OCSA has two on-campus venues. Symphony Hall is a theater, which holds most of the school's medium to larger performances and was originally a historic Church of Christian Science, (built in 1922) before being converted to a theater. The hall contains a theater, a side rehearsal room, separate practice rooms for instrumental musicians, a basement and library for the creative writers, a front of house audio booth with a Behringer X32 digital sound console, and a balcony overlooking the auditorium for the Production and Design students. This balcony houses an ETC lighting booth using the ION console and 2 Source Four followspots. Communication throughout the theatre is done with a Clear-Com system. The former on-campus venue, the Black Box Theatre, was painted and floored entirely white, serving as a dance room until fall 2015, where the black box theatre returned to OCSA and has been renamed the Studio Theatre. It also is used as a classroom for Production & Design students to learn lighting. The lighting is controlled by an ETC Element console.

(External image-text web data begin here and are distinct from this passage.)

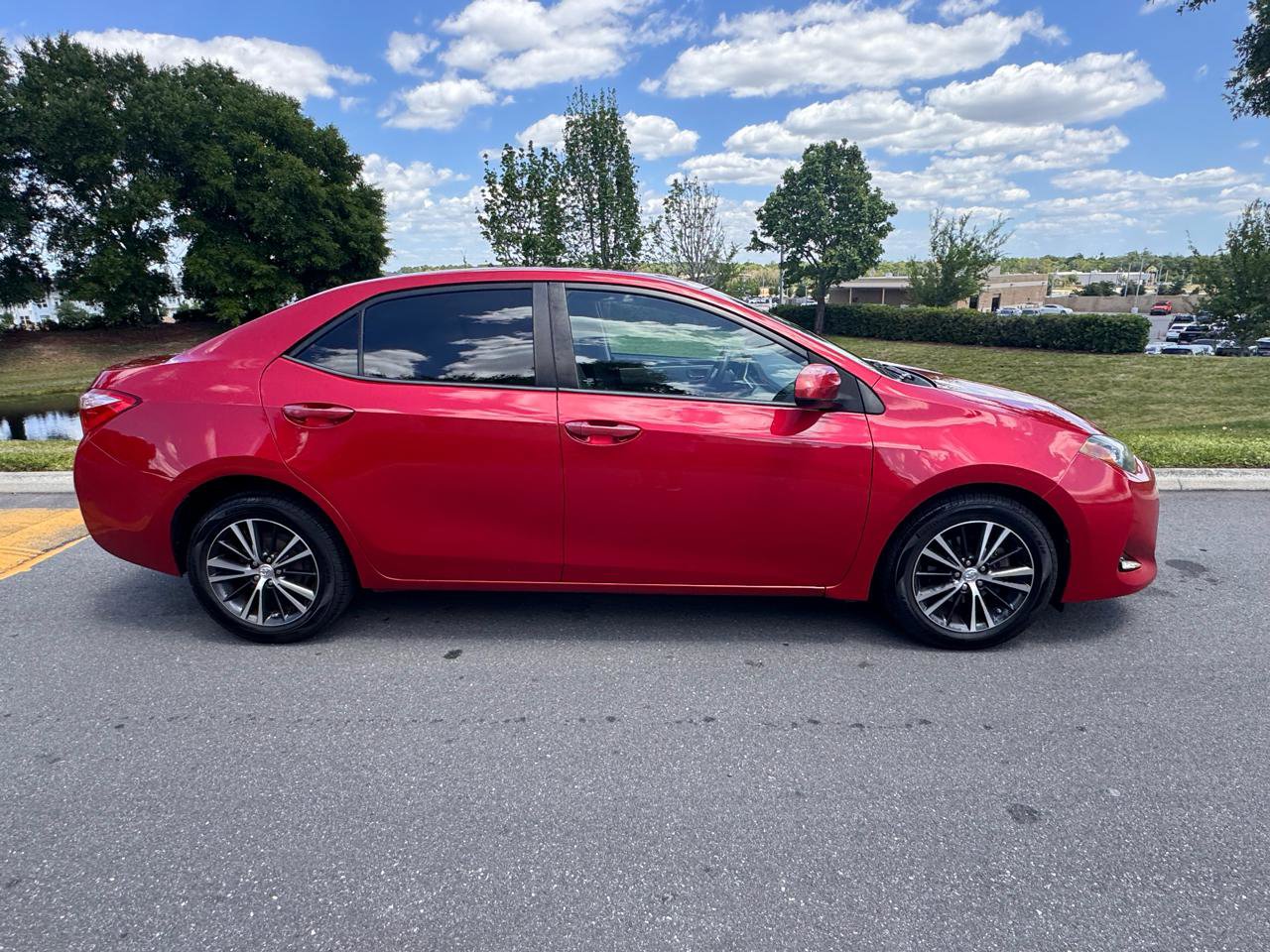 Used 2017 Toyota Corolla LE FWD image 31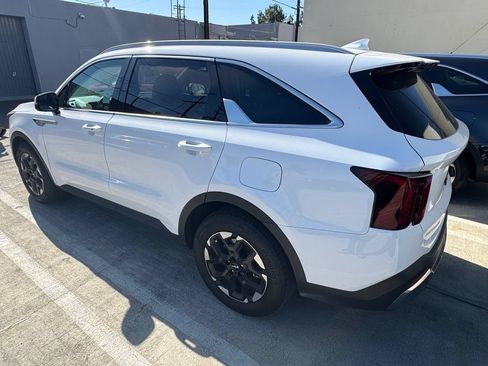 Certified 2026 Kia Sorento S FWD image 4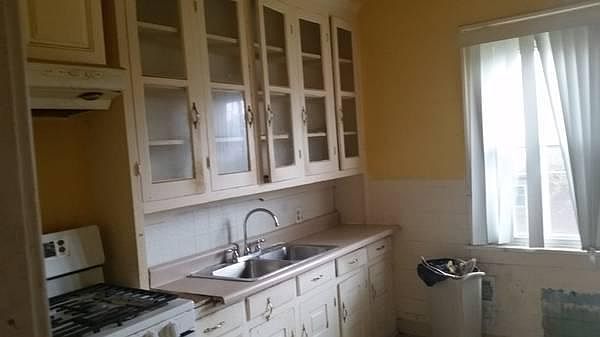 1st image of 1331 Walden Ave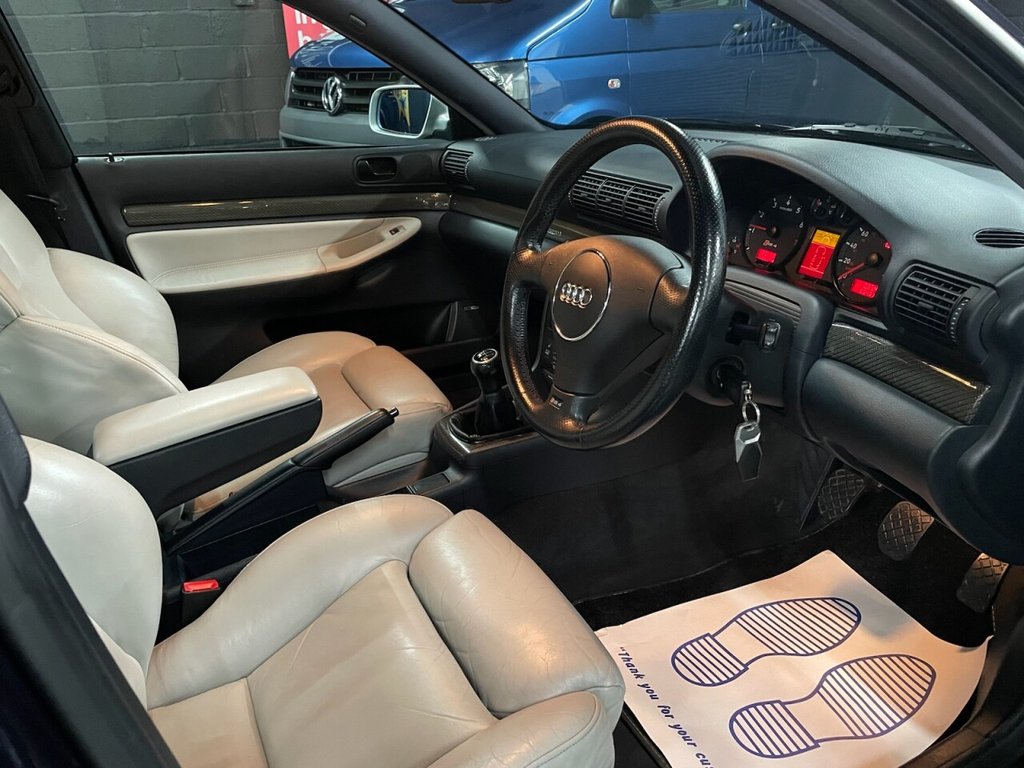 Used Audi RS4 2001 for sale - 76923683: Photo 28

In addition to Symphony Hall, OCSA has another performance venue, The Margaret A. Webb Center for the Arts, located at 801 N. Main St. Formally known as The O.C. Pavilion, OCSA purchased the venue in 2010. The building contains a 500-seat theater, a cabaret/ jazz lounge with a small stage in the basement, and an event center above the theater. In the main theatre, all conservatories are allowed to use the space for performances. Production & Design students assist the performances. They run the lighting system, also using the ETC ION console. There are 3 followspots and a video control booth in addition to the lighting section. There is also a front of house audio booth with a Yamaha CL5 and a dedicated audio playback computer, which is an iMac running QLab. On stage there is a large stage lift that is used mostly for transporting large objects to and from the basement. Above the stage hangs 4 lighting electrics, and other battens for hanging drapery or scenery. Communication is also run with a Clear-Com system. In the event center, an ETC ColorSource console runs ColorSource pars for the stage area. There is also a Behringer X32 digital sound console for audio.
The single-story "technology building" houses the bulk of the Film and Television department, the computer graphics portion of the Visual Arts department and a few administrative offices. There are two fully equipped studios one primarily for live television production and the other for film work. There is also a computer lab and a number of individual video editing rooms. The campus' daily student-run news television program Art Attack Live is broadcast from the television studio and adjacent control room.
Situated between the main campus and the technology building is a five-story ceramic tower covered in tiles called the "totem pole". It serves as a gathering place for students during break times, as well as a loading and unloading zone.
The "Annex" is a combination of two white windowless buildings. The Annex is home to many dance and vocal rooms and contains the Production and Design workshop where OCSA's production sets are constructed and painted. Since the 2010- 2011 school year, it has been the home to the majority of the 7th and 8th graders' academic classes.
In August 2015, OCSA opened The Marybelle Musco Dance Center, The Hal and Jeanette Segerstrom Family Music Center, and The Argyros Science Center (DMS) building. The 60,000 square-foot building includes 8 science labs, 14 dance studios, 3 instrumental music and choir rehearsal rooms, 16 music practice rooms, and dressing rooms. A large courtyard area with fake grass is a spot where students can relax during non instructional times. This space was used for the 2018 Acting Conservatory production of A Midsummer Night's Dream.